Atómica (Atomic Blonde)


Ejercicios de estilo

 
Lorraine es la espía que surgió de la tina fría. Bella e indescifrable, atormentada y letal. Suena a lugar común, y lo es. Atómica (Atomic Blonde) es un desigual largometraje que une imitaciones de múltiples películas para crear a una nueva heroína de acción, como si se tratara de un nuevo Frankenstein. Es un nacimiento desgastado y anodino. Una repetición de fórmulas deshilvanadas que incluye ocasionales secuencias emocionantes. Atómica presenta instantes de reciclaje inspirado. No obstante, el filme no logra encajarlos de modo convincente en un relato que ni es revisionista, ni formulario. Atómica es una desordenada suma de homenajes y versiones que carece de un elemento unificador distinto a las mismas convenciones. Mientras son admirables esos destellos de reciclaje, en últimas, el director David Leitch no consigue armar una propuesta propia. La película se limita a ser otro filme de espías que, con un par de variantes, repite obediente y sin ingenio los tropos del género.
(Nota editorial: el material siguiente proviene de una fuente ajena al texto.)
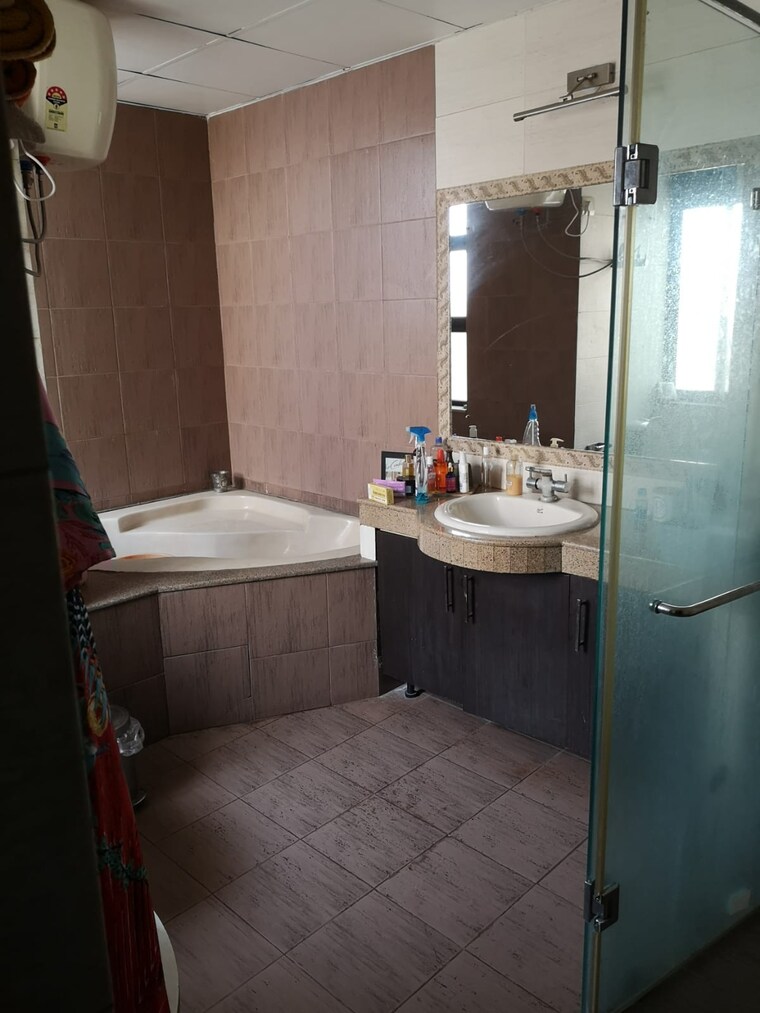 Bathroom, vipul-belmonte 3 Bedroom 2450 Sq.Ft. Apartment In Sector 53 Gurgaon 9530748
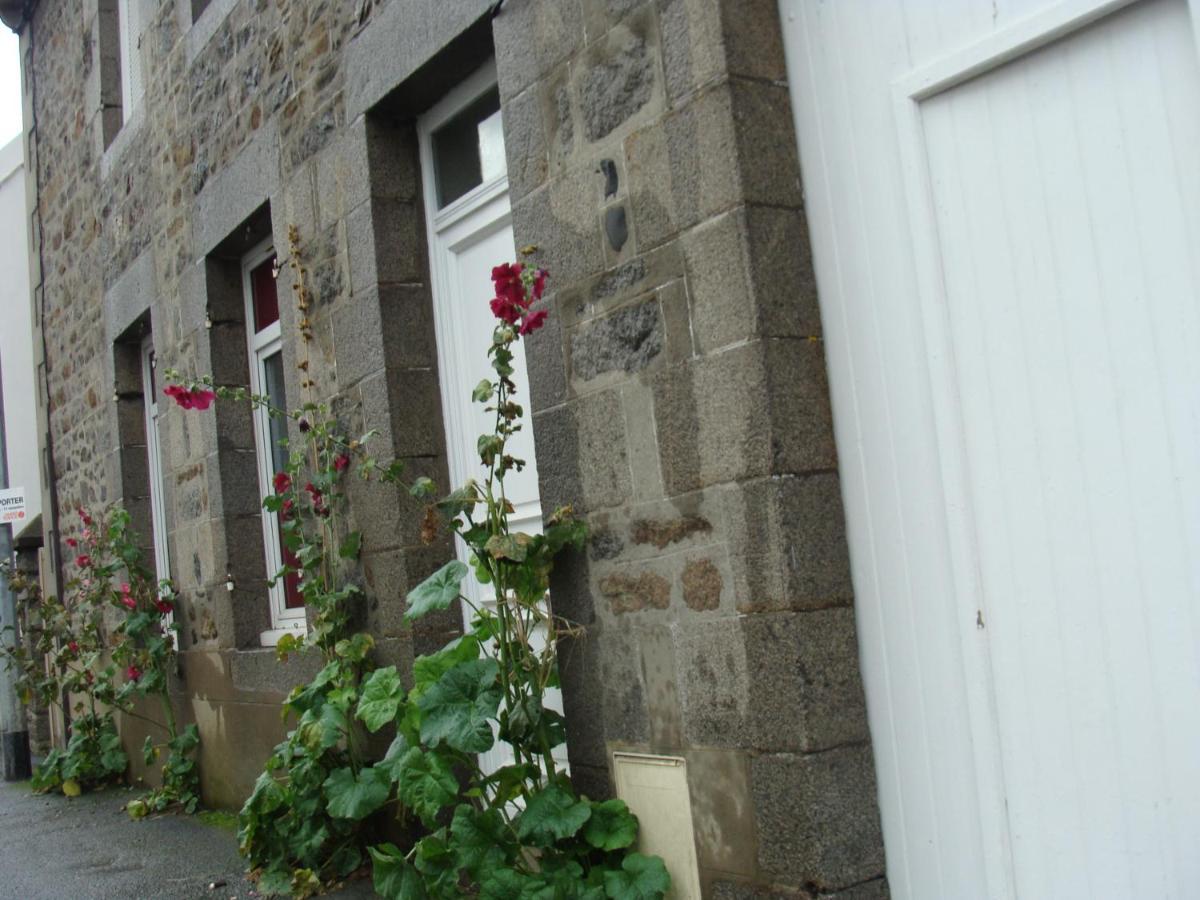 Chambres d'hôtes dans la cité des trois vallées Saint-Brieuc Extérieur photo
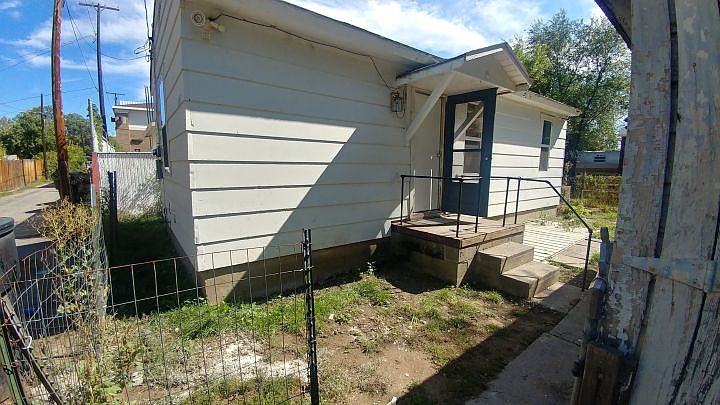 1st image of 119 1/2 Broadwater Ave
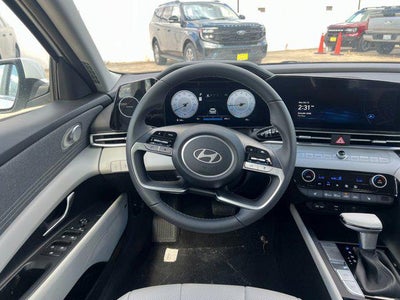 2025 Hyundai ELANTRA Limited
Son los últimos días de la Guerra Fría. Una lista con los nombres de los espías de ambas partes está en el mercado –entre ellos se incluye el de un peligroso agente doble–, lo que amenaza el en apariencia inevitable fin de la lucha entre la Unión Soviética y Estados Unidos. Lorraine (Charlize Theron) es enviada a Berlín con el fin de recuperarla o, en caso contrario, traer con vida a Spyglass (Eddie Marsan), agente ruso que ha memorizado la información y quiere viajar a occidente. Atómica alterna el recuento que da Lorraine a sus superiores del MI6 y la CIA con flashbacks en que se ve lo que ocurrió. Traiciones y giros inesperados se irán sucediendo, como el género obliga, así algunos no tengan mayor sentido dentro de la lógica de la trama. Los realizadores del filme están más preocupados por mostrar emocionantes peleas que por contar una historia consistente, parecen concentrarse más en dar un repaso a los éxitos musicales de los 80 que por utilizarlas como parte orgánica de su historia. Atómica es placentera en aquellos instantes en que imita con tal habilidad a sus fuentes que finge no ser el pastiche que en realidad es. Solo por secuencias consigue emocionar empero, el largometraje es principalmente un producto derivativo de una nostalgia bien pensante.
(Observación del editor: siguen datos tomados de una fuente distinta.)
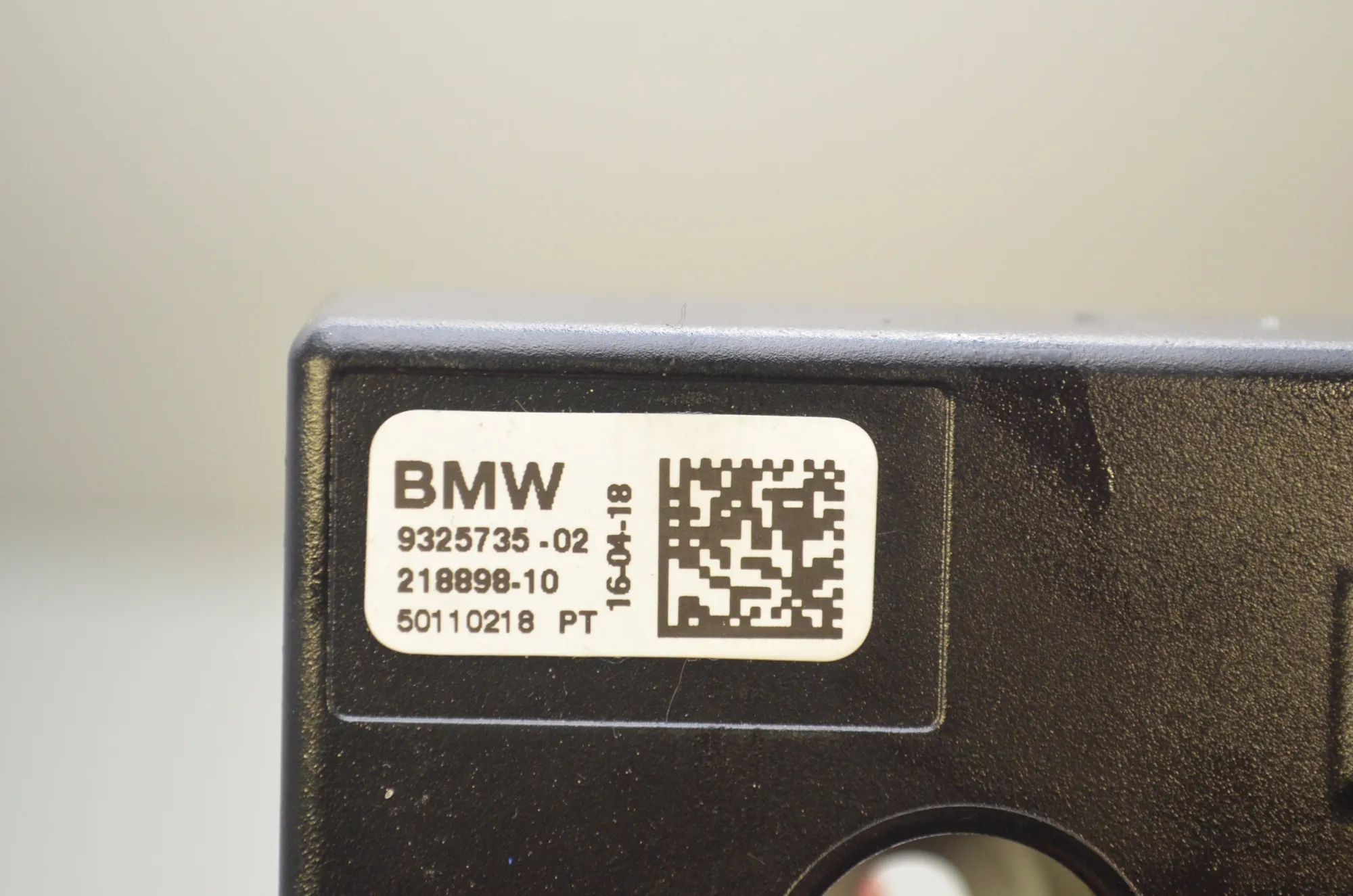 Antenna – OEM 9325735 · BMW i3 (I01) Hybrid 2018 – 4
Resulta más significativo que comentar la película, ver que ella se alinea dentro de una tendencia de películas que, con mayor o menor fortuna, recurren a una estética del pasado en una versión hiper-estilizada de las mismas. Drive, John Wick o Kingsman repiten esquemas con un mayor énfasis en una suerte de virtuosismo cinematográfico. El cine de acción es una excusa para desplegar toda la destreza con el fin de filmar una pelea, el cine de acción es un mero ejercicio de estilo. Las diferencias, sí las hay, son que cada una de las películas responde a discursos ligeramente distintos. Atómica busca revisar el imaginario del cine de espías al introducir a una heroína que no es sino la versión femenina del héroe masculino. También, de un modo más confuso, pretende dar una versión más gris de la Guerra Fría. Por lo demás, es un producto indiferenciable de una nostalgia que intenta hacer del efectismo su mayor logro. Es bueno aquí recordar al genial libro de Raymond Queneau, Ejercicios de estilo, pues mientras el autor francés narraba un intrascendente incidente de 99 formas distintas como enciclopedia de posibilidades de la ficción, hoy estamos viendo una misma historia repetida en lo que es básicamente un solo estilo. Atómica no es su mejor versión, en todo caso. Es una versión ocasionalmente divertida y en esencia olvidable de una historia demasiado conocida.